After consumption, aspartame metabolises into two common amino acids, aspartic acid and phenylalanine, and methanol. While these can be harmful in large amounts, they are also naturally occurring in many of the foods we eat. In fact, foods such as milk, tomato juice and chicken have much higher amounts of these chemicals than aspartame. The chemical which has had the most focus from a neuroscientific perspective is phenylalanine, which is a Large Neutral Amino Acid (LNAA). Studies have focused on how consumption of it impacts upon the ratio of phenylalanine to other LNAAs, and whether this leads to inhibition of other important LNAAs and enzymes in the brain, such as decreased catecholamine, serotonin and dopamine concentrations. There are two fates for phenylalanine: firstly, some is metabolized in the liver to tyrosine, essential for the synthesis of important neurotransmitters such as dopamine (Figure 2a); secondly, phenylalanine readily crosses the blood brain barrier (BBB) by competing for binding on the NAAT, a co-transporter of phenylalanine, tryptopahn (precursor for serotonin) and other amino acids (Figure 2b and 2c). At high concentrations, the competitive binding of phenylalanine results in lower concentrations of dopamine hence disturbing its negative feedback pathway (Figure 2d). However, studies such as those by Stegink et al. (1996), show that while consumption of aspartame leads to a small increase in phenylalanine to LNAA ratio, it is not significant enough to cause any adverse effects. (Humphries, Pretorius & Naude, 2008)

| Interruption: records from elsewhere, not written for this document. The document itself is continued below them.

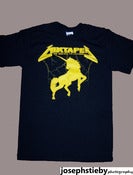 Image of The New Ride The Lightning tee (Black, White)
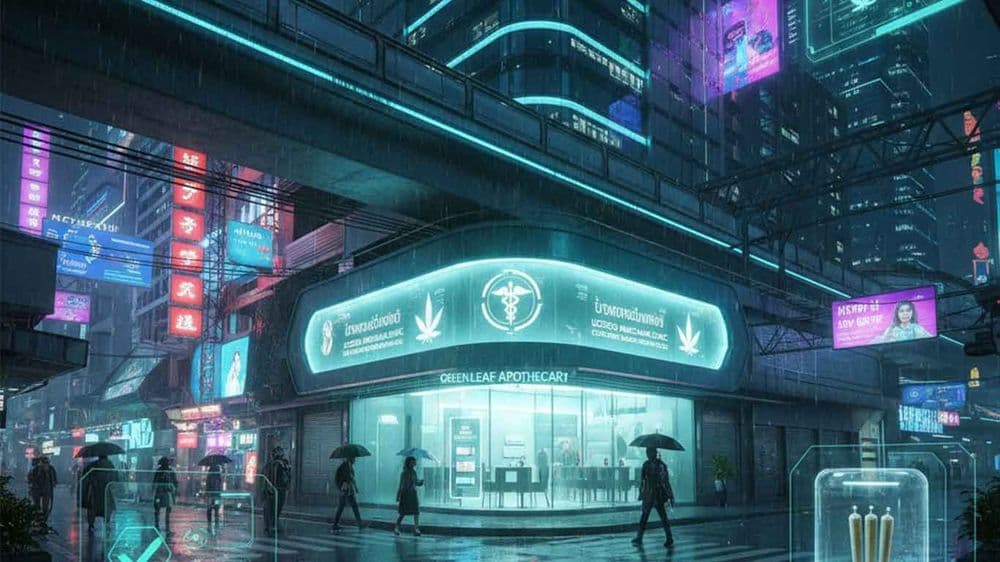 Where to Buy a Licensed Pre Roll in Bangkok (2026): A No-Risk Guide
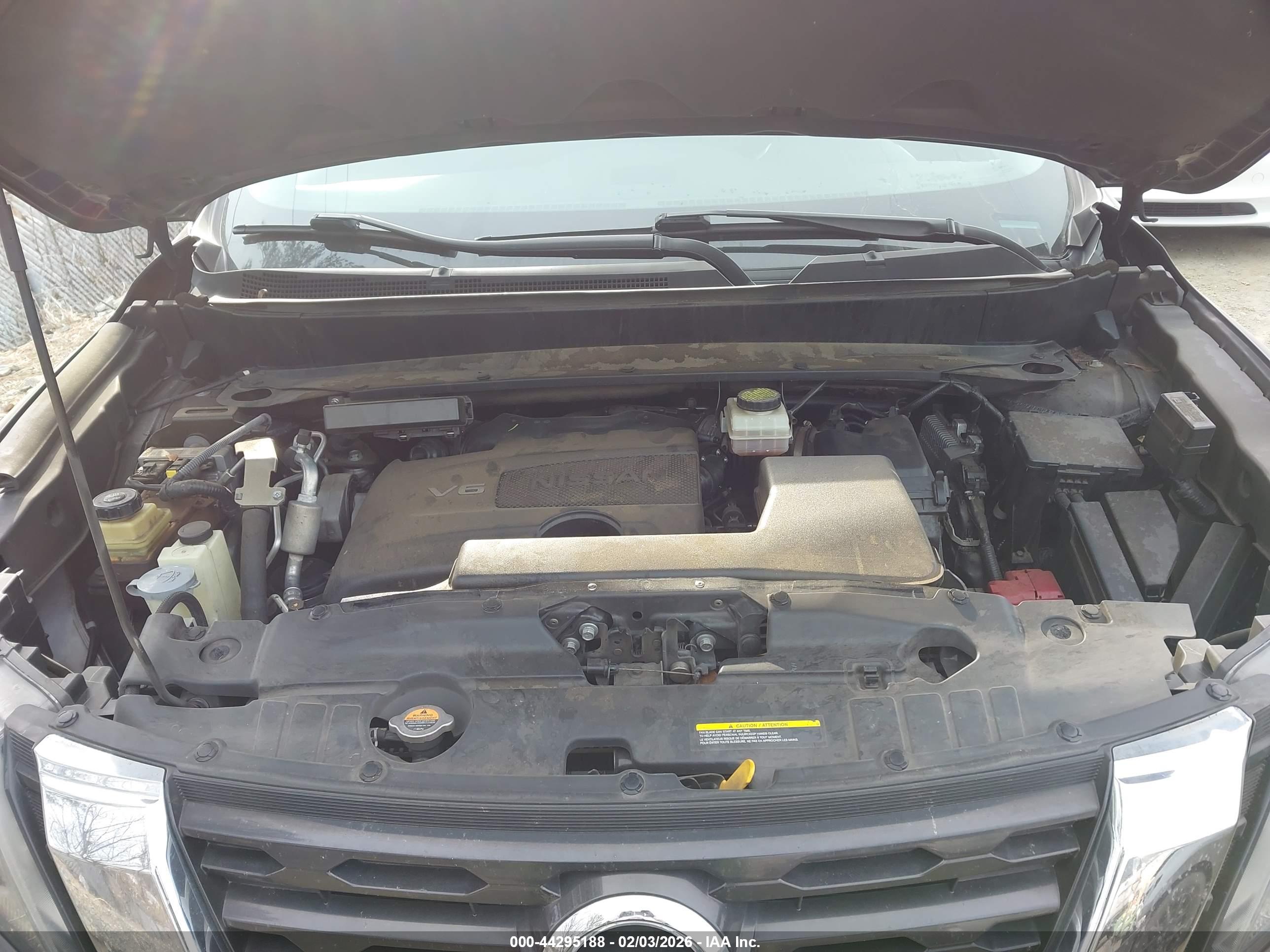NISSAN PATHFINDER image 10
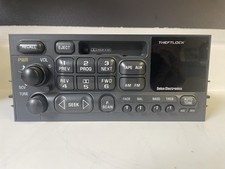 Chevy Delco Amfm Radio Cassette Player Wbluetooth For 95-02 Cartruck 16213825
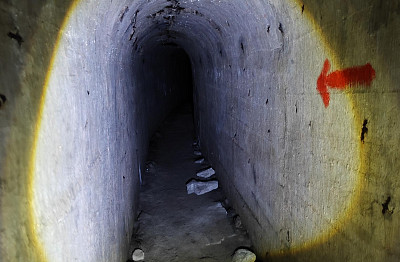 Мозырский укрепрайон: огневая группа №232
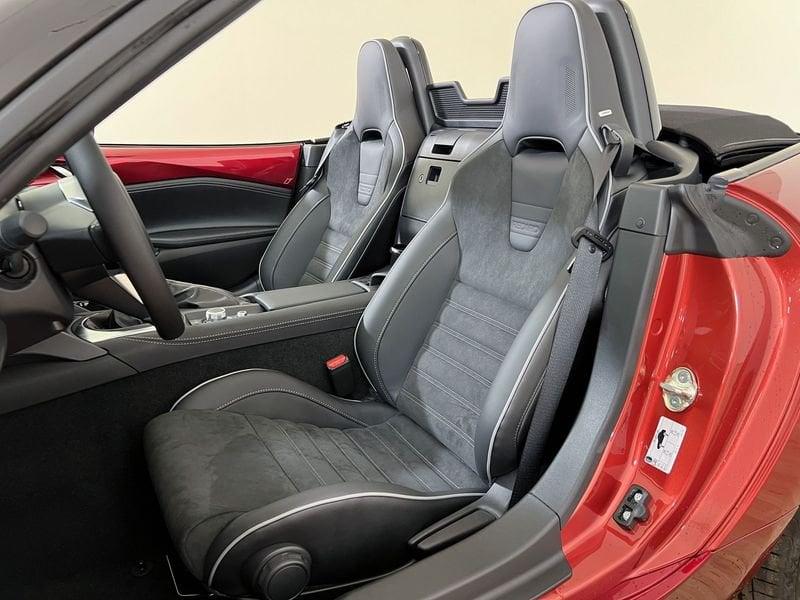 Mazda MX-5 MX-5 1.5L Skyactiv-G Homura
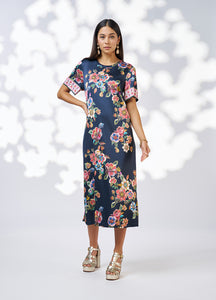 Mystic Rose Dress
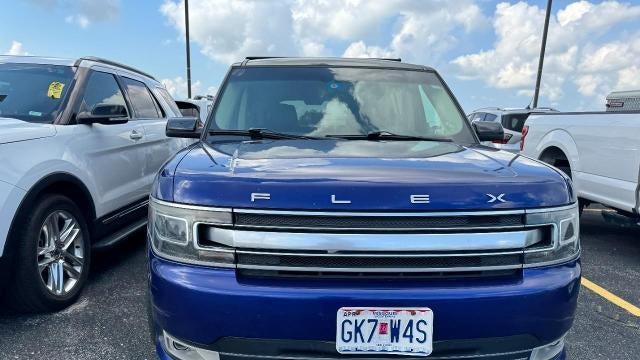 2013 Ford Flex Limited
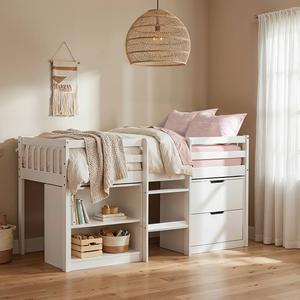 Mira Sleepstation Single Cabin Bed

High concentrations of phenylalanine will bind more effectively to NAAT, rather than tyrosine, hence leading to lower concentrations of dopamine. There are two pathways of uptake of phenylalanine in the body: (a) firstly, some phenylalanine is hydrolysed into tyrosine in the liver; and (b) secondly, phenylalanine will compete with tyrosine, methionine and other amino acids for binding on the NAAT and transported across the BBB. (c) Tyrosine must enter the BBB via NAAT since it cannot be synthesized in the brain. (d) Inside the brain, tyrosine is converted to dopamine. (Humphries, Pretorius & Naude, 2008, p. 453)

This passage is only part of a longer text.